> [Stored entries]
################

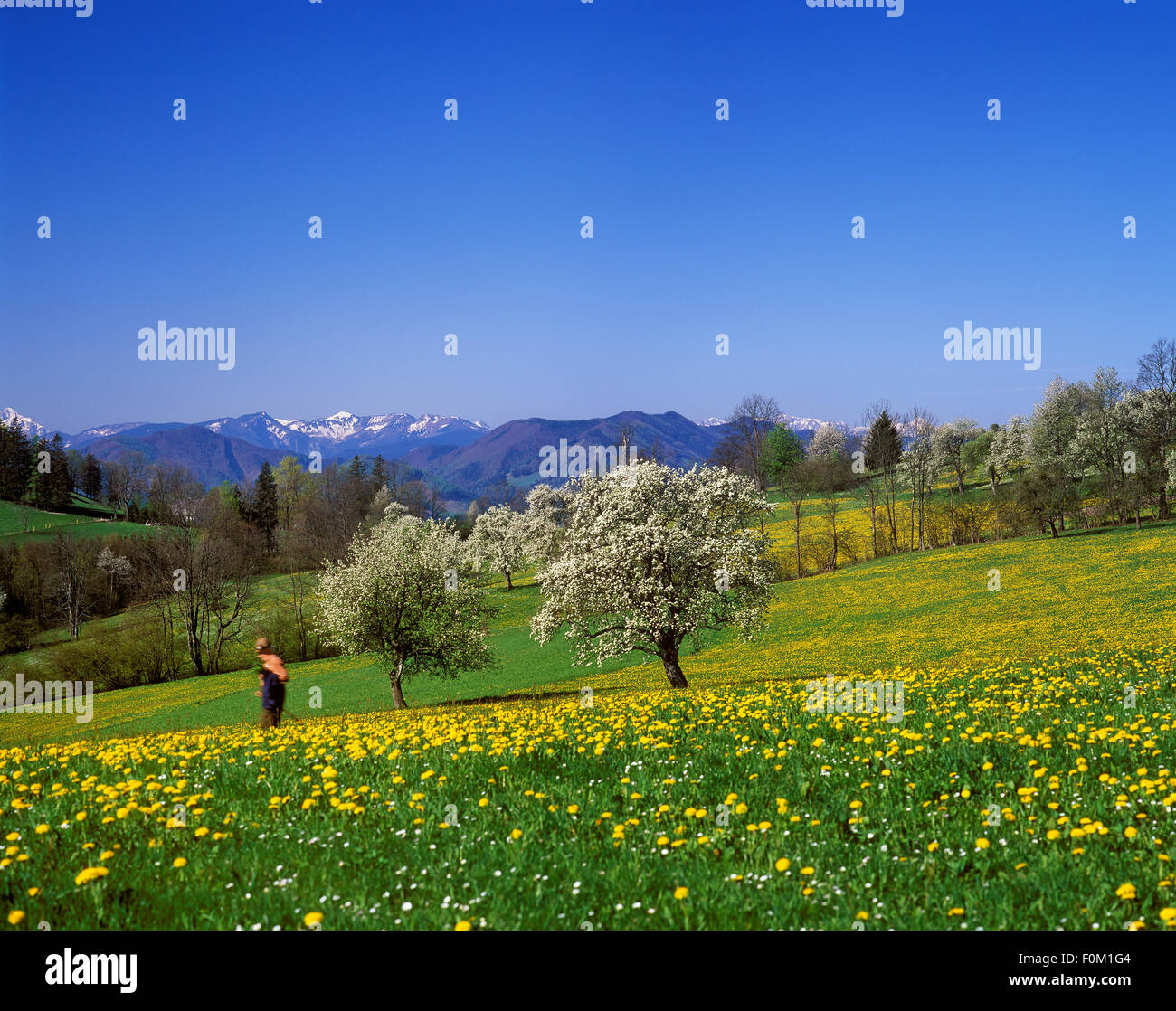 Blühende Birnenbäume mit Blick auf die österreichischen Voralpen, Leonhard bin Walde, Mostviertel, Niederösterreich, Österreich Stockfoto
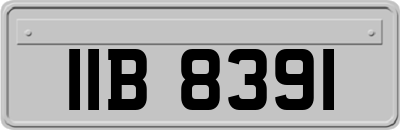 IIB8391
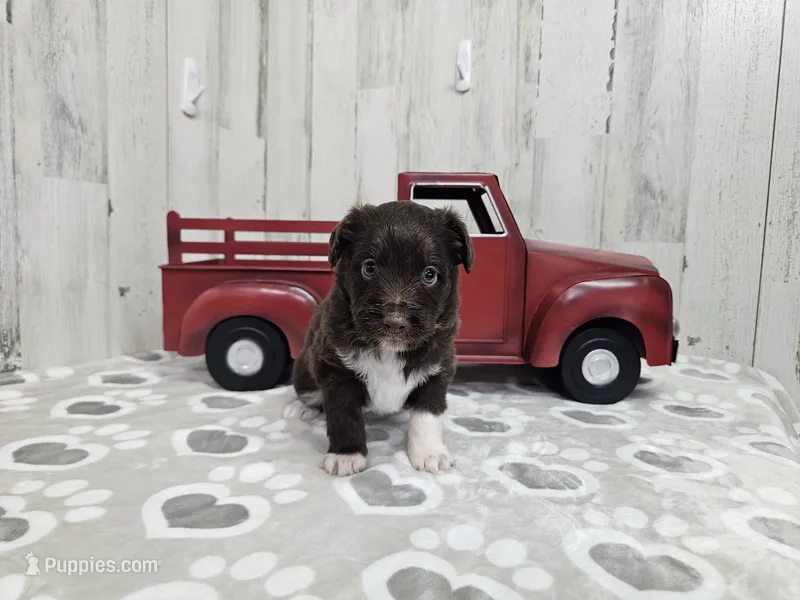 F1 Cranberry – Miniature Aussiedoodle puppy for sale in Jacksonville, NC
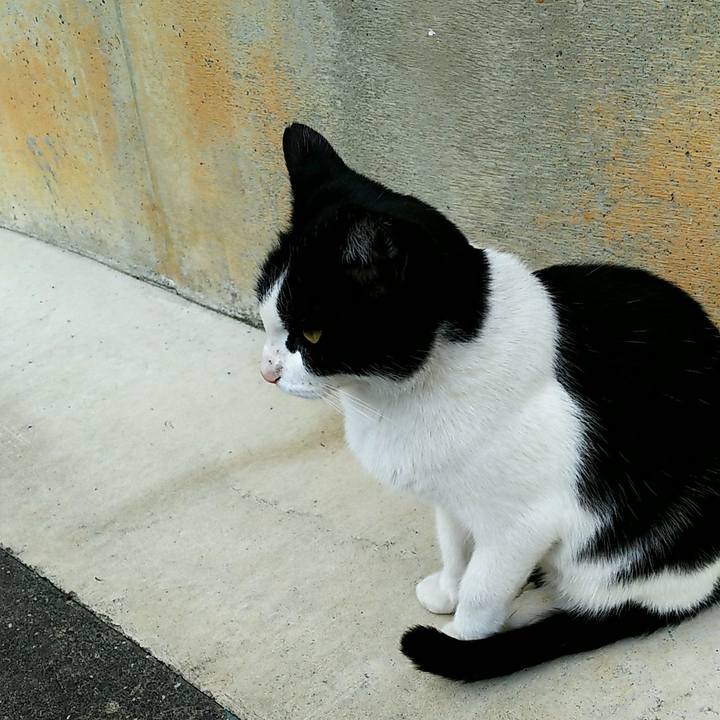 06cce011 8b59 4225 ade9 7c2b0b0b815e 1510812118823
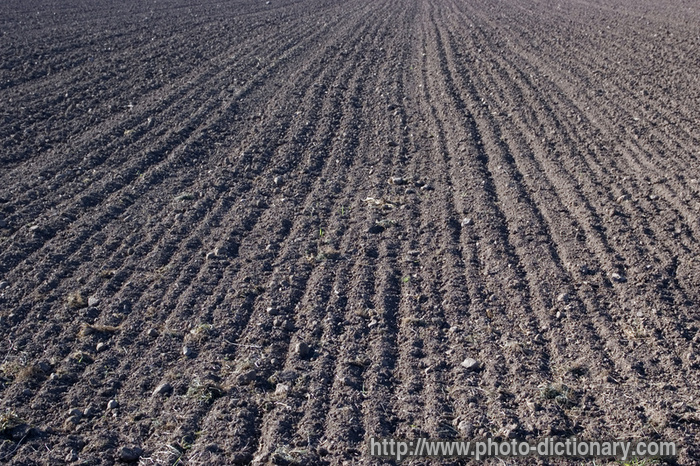 plowed field - photo/picture definition - plowed field word and phrase image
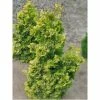 Chamaecyparis Obtusa Rashahiba - Faux Cyprès Hinoki Du Japon -Promesse de fleurs Boutique chamaecyparis obtusa rashahiba 1002462 1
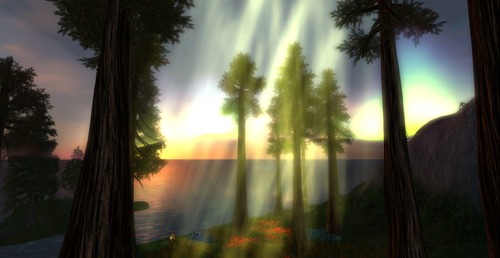 Web 51e5a7f741cdd4059a000001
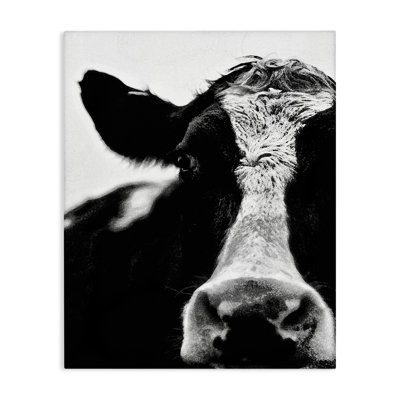 'Cow Close Up' Photographic Print
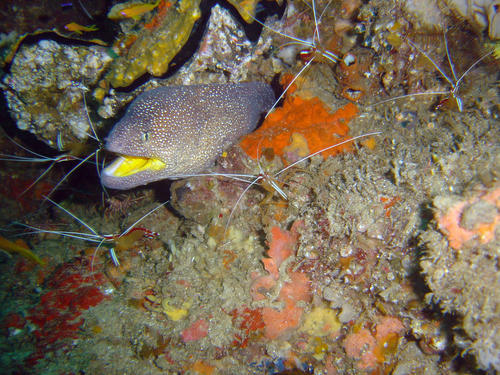 Gymnothorax nudivomer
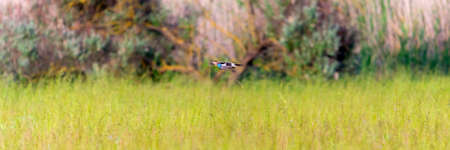 Eurasian jay in fast flight. Natural backgroundの写真素材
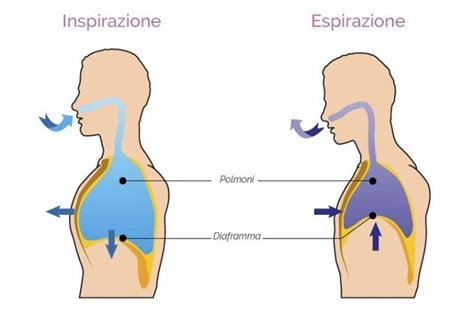 Schema che illustra la respirazione diaframmatica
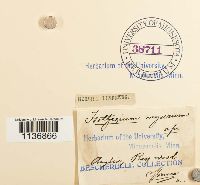 Isothecium alopecuroides image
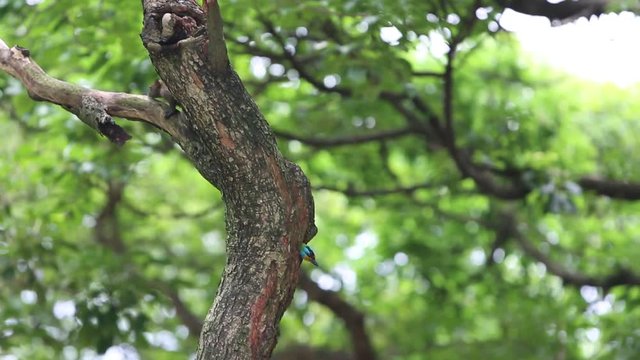 A Pallas's squirrel look the nest hole of a bird Taiwan Barbet (Megalaima nuchalis) in a tree at Taiwan Daan Forest Park in Taipei, Muller's Barbet is a Colorful Bird a species endemic to Taiwan-Dan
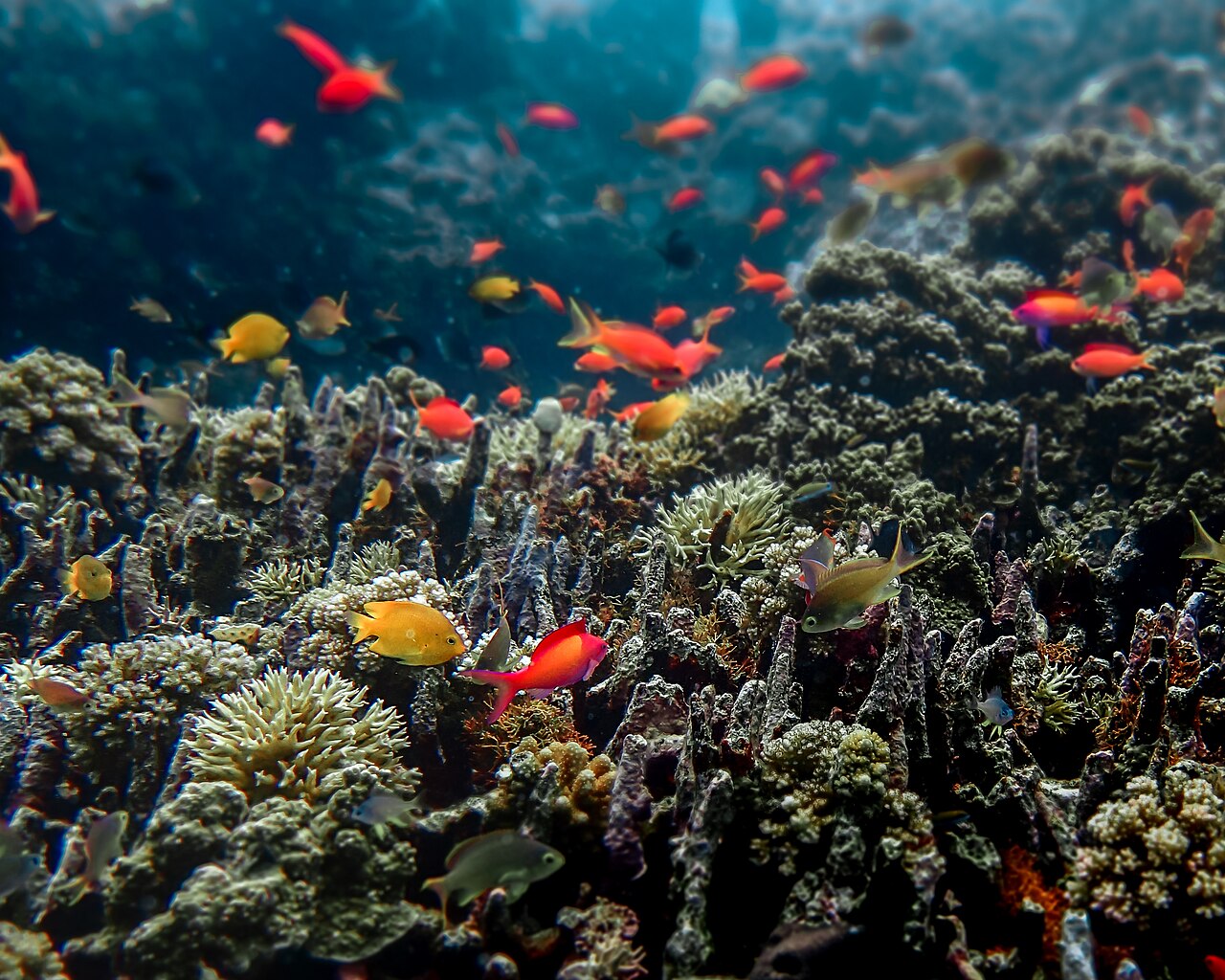 Reef fish and coral biodiversity photographed underwater at Menjangan Island, Bali.
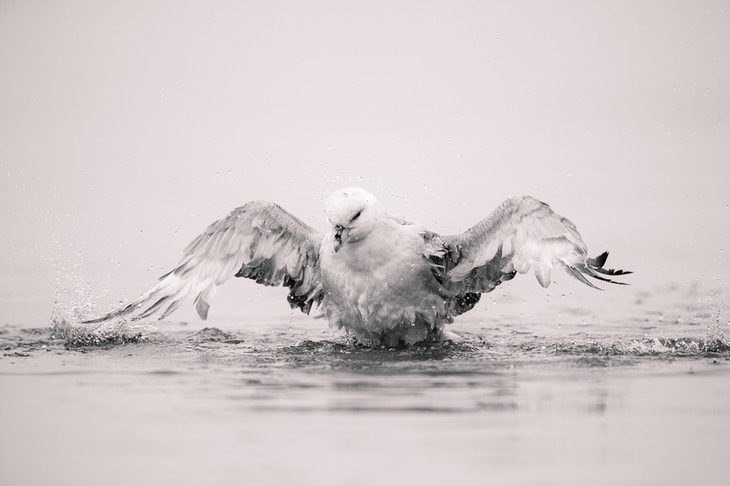 fulmar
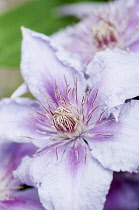 Clematis, Clematis 'Marmori', Large, pale pink to lilac-pink flowers, darker pink at the base of the petals, and prominent maroon stamens dusted with pollen.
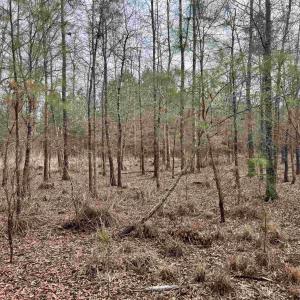 Photo #20 of 106.6 Acres-TBD Highway 52, Salters, SC 106.6 acres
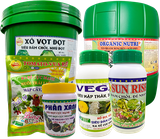 Nhú đọt - Ra rễ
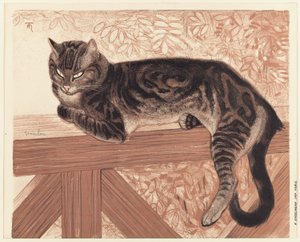 Sommar: Katt på en balustrad
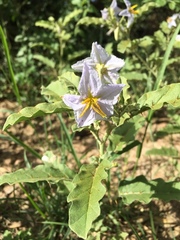Solanum juvenale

################

> [WHAT YOU ARE ASKED TO DO] From the records above, copy only the lines running from the line containing "Web 51e5a7f741cdd4059a000001" to the line containing "Isothecium alopecuroides image", both ends included. Leave the pictures out.

> [REPLY]
 Web 51e5a7f741cdd4059a000001
 'Cow Close Up' Photographic Print
 Gymnothorax nudivomer
 Eurasian jay in fast flight. Natural backgroundの写真素材
 Schema che illustra la respirazione diaframmatica
 Isothecium alopecuroides image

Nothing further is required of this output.